## ACTION ITEM
Start at the line with "Vintage Vintage 80’s" in the records below, stop at the line with "Magazine d'activités pour", and return every line in that span exactly, the two end lines included.

## TASK INPUT
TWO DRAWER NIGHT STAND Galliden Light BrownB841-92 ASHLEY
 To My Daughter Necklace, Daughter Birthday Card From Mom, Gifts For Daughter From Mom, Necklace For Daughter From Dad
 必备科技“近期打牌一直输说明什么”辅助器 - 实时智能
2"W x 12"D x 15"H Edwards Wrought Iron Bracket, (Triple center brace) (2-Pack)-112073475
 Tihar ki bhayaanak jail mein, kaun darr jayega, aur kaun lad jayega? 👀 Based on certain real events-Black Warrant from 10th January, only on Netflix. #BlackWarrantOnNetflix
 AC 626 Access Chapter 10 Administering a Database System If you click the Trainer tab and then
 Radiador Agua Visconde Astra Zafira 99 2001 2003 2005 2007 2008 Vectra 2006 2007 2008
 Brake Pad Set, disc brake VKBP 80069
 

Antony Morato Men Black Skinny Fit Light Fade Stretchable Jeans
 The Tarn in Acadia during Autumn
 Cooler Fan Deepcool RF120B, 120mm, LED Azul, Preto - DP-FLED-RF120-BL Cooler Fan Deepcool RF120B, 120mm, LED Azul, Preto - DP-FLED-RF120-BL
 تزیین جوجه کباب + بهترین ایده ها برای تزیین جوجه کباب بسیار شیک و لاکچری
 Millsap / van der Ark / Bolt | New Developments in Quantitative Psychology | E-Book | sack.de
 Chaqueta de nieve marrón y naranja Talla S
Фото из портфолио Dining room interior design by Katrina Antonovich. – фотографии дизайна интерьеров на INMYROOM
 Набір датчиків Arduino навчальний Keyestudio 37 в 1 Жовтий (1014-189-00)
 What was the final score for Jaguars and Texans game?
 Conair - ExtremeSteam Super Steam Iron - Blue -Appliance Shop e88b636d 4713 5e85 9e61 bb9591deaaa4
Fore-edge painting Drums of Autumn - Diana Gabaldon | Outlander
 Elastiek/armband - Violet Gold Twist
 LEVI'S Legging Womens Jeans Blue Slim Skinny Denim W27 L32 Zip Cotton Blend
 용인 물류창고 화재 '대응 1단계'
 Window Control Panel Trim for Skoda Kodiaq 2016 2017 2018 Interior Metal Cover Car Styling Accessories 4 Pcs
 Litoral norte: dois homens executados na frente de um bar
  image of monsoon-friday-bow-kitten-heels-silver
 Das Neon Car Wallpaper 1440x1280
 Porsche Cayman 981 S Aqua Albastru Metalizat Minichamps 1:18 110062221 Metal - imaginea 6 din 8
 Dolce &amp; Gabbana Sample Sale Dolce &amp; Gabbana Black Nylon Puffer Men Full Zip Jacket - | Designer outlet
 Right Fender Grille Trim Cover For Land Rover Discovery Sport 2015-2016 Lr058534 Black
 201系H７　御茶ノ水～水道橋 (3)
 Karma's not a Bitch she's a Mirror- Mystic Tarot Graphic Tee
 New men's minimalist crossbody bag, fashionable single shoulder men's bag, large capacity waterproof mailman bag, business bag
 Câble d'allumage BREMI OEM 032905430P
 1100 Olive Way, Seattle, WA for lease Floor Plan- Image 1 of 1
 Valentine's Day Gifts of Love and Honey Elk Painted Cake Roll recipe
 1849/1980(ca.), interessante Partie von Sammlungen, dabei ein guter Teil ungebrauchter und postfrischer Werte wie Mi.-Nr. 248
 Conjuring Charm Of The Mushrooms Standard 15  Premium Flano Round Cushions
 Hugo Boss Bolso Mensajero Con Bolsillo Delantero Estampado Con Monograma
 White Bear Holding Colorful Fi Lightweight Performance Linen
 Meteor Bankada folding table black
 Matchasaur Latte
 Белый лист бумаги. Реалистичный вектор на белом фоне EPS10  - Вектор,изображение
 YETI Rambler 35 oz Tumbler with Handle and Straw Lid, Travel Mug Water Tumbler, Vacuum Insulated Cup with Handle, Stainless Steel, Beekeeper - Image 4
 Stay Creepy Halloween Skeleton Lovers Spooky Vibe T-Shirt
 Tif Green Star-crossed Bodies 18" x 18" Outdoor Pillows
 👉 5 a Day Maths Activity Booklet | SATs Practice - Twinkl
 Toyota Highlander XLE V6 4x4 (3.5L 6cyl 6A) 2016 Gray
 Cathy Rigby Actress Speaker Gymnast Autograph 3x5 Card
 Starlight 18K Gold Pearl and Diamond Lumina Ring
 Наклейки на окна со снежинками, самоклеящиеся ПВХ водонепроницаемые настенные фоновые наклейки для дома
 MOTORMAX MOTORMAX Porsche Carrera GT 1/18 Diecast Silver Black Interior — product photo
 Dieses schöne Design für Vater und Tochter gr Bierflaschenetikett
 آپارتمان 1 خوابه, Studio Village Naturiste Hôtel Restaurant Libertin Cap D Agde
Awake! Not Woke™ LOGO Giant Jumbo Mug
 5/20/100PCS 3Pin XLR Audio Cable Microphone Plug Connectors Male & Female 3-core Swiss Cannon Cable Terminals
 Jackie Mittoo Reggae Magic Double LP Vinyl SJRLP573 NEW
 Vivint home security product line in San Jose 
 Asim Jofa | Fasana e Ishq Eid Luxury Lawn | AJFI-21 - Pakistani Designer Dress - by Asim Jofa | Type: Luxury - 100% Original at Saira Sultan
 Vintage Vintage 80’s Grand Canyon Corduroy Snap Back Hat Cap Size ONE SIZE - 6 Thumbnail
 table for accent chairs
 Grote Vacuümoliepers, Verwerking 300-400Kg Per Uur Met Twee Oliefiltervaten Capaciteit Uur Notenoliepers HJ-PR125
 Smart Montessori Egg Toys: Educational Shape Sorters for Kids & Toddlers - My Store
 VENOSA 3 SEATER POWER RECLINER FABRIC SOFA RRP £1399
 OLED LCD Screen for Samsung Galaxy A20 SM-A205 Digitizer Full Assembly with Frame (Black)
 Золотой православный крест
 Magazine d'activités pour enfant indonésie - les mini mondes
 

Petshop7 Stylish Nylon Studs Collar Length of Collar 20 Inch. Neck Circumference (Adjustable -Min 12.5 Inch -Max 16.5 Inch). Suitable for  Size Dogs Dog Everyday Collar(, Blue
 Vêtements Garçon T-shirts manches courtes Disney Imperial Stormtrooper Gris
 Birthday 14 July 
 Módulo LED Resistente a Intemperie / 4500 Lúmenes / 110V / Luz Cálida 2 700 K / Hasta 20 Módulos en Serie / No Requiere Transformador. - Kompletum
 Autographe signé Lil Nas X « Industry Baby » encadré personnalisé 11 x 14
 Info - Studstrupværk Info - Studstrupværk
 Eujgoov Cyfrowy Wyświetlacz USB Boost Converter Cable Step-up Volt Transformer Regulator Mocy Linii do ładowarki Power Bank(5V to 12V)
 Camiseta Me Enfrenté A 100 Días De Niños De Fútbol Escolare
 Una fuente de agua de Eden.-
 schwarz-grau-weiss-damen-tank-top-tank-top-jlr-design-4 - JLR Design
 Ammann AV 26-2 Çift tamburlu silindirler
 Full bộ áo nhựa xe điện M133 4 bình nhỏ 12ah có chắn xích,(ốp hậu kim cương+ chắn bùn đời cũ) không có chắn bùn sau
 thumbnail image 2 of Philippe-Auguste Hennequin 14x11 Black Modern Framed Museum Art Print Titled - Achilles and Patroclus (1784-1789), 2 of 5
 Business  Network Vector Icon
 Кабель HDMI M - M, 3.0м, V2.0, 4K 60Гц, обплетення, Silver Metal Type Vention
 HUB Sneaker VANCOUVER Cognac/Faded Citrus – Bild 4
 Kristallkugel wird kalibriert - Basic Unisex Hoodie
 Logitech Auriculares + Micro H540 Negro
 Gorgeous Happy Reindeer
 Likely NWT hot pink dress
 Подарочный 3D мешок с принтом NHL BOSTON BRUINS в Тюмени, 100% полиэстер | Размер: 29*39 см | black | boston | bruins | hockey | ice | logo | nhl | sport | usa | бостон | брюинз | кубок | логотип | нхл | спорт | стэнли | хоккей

## ANSWER AREA
 Vintage Vintage 80’s Grand Canyon Corduroy Snap Back Hat Cap Size ONE SIZE - 6 Thumbnail
 table for accent chairs
 Grote Vacuümoliepers, Verwerking 300-400Kg Per Uur Met Twee Oliefiltervaten Capaciteit Uur Notenoliepers HJ-PR125
 Smart Montessori Egg Toys: Educational Shape Sorters for Kids & Toddlers - My Store
 VENOSA 3 SEATER POWER RECLINER FABRIC SOFA RRP £1399
 OLED LCD Screen for Samsung Galaxy A20 SM-A205 Digitizer Full Assembly with Frame (Black)
 Золотой православный крест
 Magazine d'activités pour enfant indonésie - les mini mondes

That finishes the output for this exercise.